What I need is an exact repeat of the lines from the one with "-一盏明灯全素斋(殊像寺店)" through the end of the listing below. Leave out every picture.

--- COLLECTED MATERIAL ---

<<<<

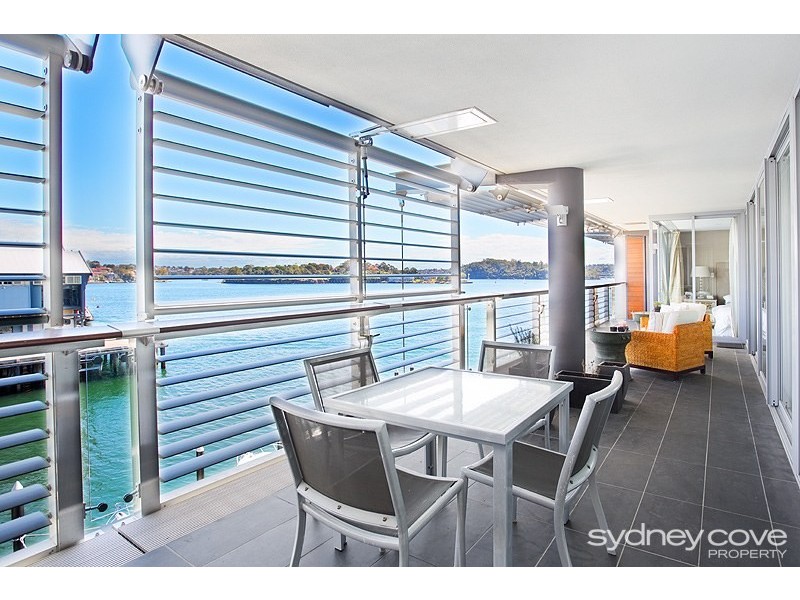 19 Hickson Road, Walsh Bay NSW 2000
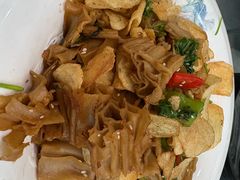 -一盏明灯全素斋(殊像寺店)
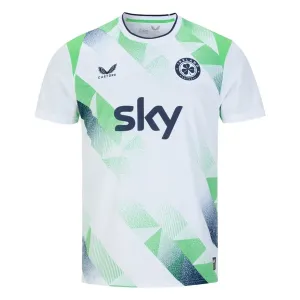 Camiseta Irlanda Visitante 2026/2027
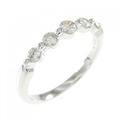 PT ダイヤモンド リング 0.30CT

>>>>

--- WRITTEN SOLUTION ---
 -一盏明灯全素斋(殊像寺店)
 Camiseta Irlanda Visitante 2026/2027
 PT ダイヤモンド リング 0.30CT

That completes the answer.